Running an AI model on your own hardware keeps your data in the building and out of reach when a cloud model gets pulled or repriced. Here's what local AI actually means, and why any business can now do it on a single machine.

In the last few weeks, two things happened that, taken together, should change how any business thinks about AI, whatever its size.

First, the hardware got real. Nvidia announced RTX Spark, a chip that puts what used to be data-center-grade AI into laptops and small desktops shipping this fall, and Microsoft backed it. Days later, at its June 8 developer conference, Apple spent a chunk of its keynote arguing that the smartest place to run AI is not in someone else’s cloud but on the machine in front of you, with as much as possible running on the device itself and only the hardest work sent out.

Then came the warning. On June 12, the US government ordered Anthropic to suspend access to its two most capable models for all foreign nationals. To comply, Anthropic pulled those models offline for every customer worldwide, overnight, with almost no notice. The best tool many businesses were using simply switched off. Anthropic’s other models stayed available and the block is expected to be temporary, but the message was clear enough.

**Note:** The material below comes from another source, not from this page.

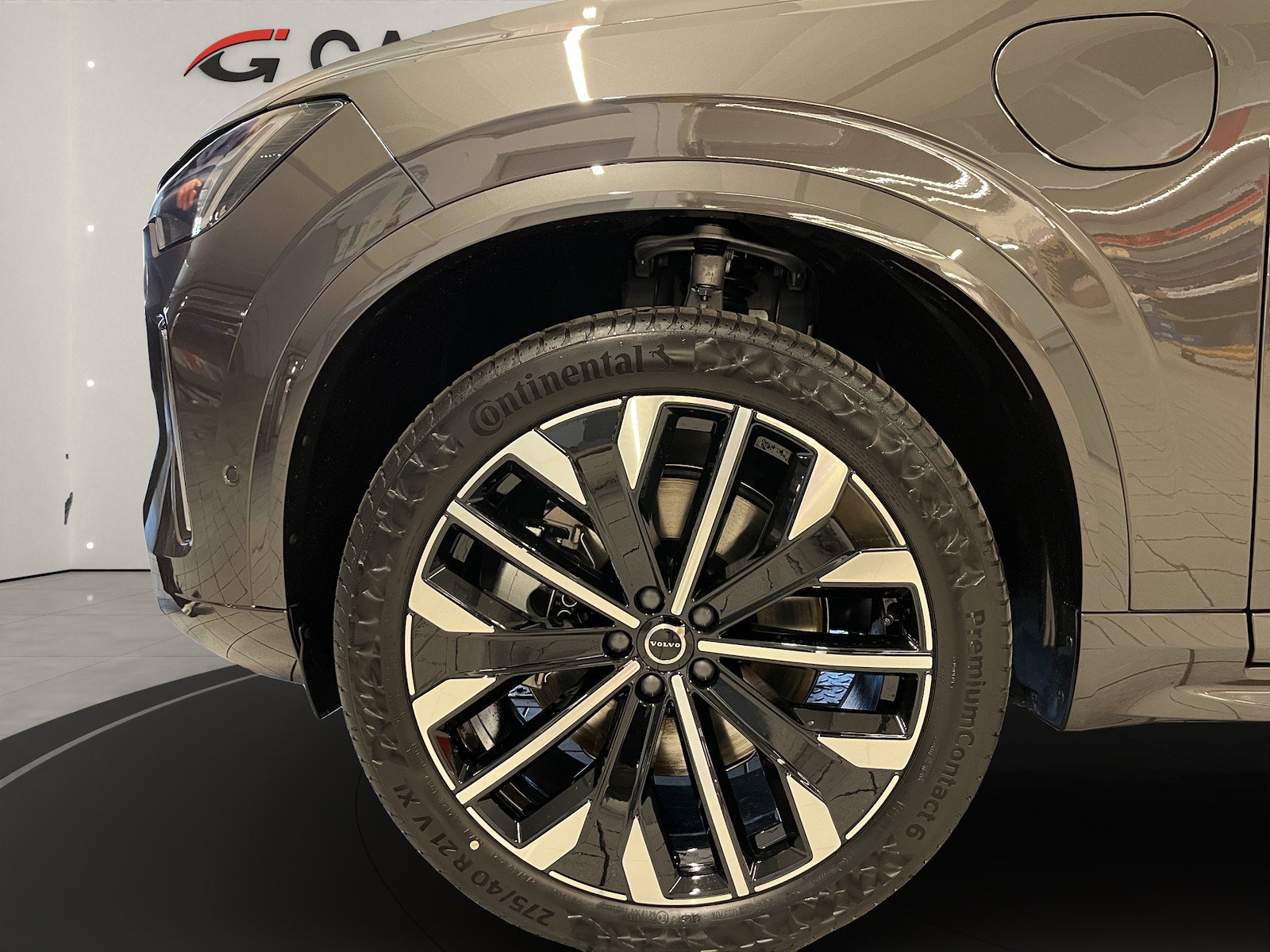 VOLVO XC90 2.0 T8 TE Ultra Bright eAWD, Plug-in-Hybrid Benzina/Elettrica, Auto nuove, Automatico - 6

One story is about where AI can run. The other is about who decides whether you can keep using it. Both point the same way: when you can, it pays to keep AI on hardware and systems you control.

This applies to a business of any size. A bigger company has more at stake and more to coordinate, but the underlying move is the same either way. And for a smaller shop, there’s a specific piece of good news: you don’t need an enterprise budget or an IT department to act on it. The thing that was experimental a year ago, and that used to take a server room, now runs on a single machine you can buy off a shelf. If you’ve been watching AI from a safe distance, this is the moment it’s worth stepping closer, not because you’re behind, but because the timing is finally good.

So what does “running an AI model locally” actually mean, why are people suddenly excited about it, and where are the real limits? If you can tell the difference between a file on your laptop and a file in Dropbox, you have enough background to follow along.

The decision you’re actually facing

Here’s the question underneath all of this, stripped of the hype: where does your data go when you use AI, and who else can see it?

Most of the AI tools you’ve touched so far (the chatbots, the writing assistants, the meeting summarizers) work the same way. You type something, it gets sent over the internet to a company’s servers, a very large model processes it there, and the answer comes back. That’s cloud AI. It’s how most of the industry works, and for a lot of tasks it’s genuinely fine.

But “your data leaves the building” is a real sentence with real consequences. For some firms it’s an annoyance. For others (a financial advisor handling client portfolios, a manufacturer with proprietary process data) it’s the whole reason they’ve kept AI at arm’s length.

Local AI flips the arrangement. The model lives on your own hardware. When you ask it something, nothing goes to the internet. The processing happens on the chip in your laptop or a small box in your office, and the answer never left the room. That’s the entire idea. Everything else is detail.

What “the model” actually is

People say “an AI model” like it’s a mysterious cloud-thing, but for the purpose of running one locally, it helps to think of it as a very large file.

A model is a single file (sometimes a few files) full of numbers. Those numbers are the patterns the model learned during training. When you run the model, your computer loads that file into memory and uses it to predict, word by word, what a good answer looks like. Bigger file, generally smarter model, but also more memory and more horsepower needed to run it.

That’s why hardware suddenly matters. To run a model locally, your machine has to be able to hold the whole file in fast memory and crunch through it quickly enough that you’re not waiting forever for each reply.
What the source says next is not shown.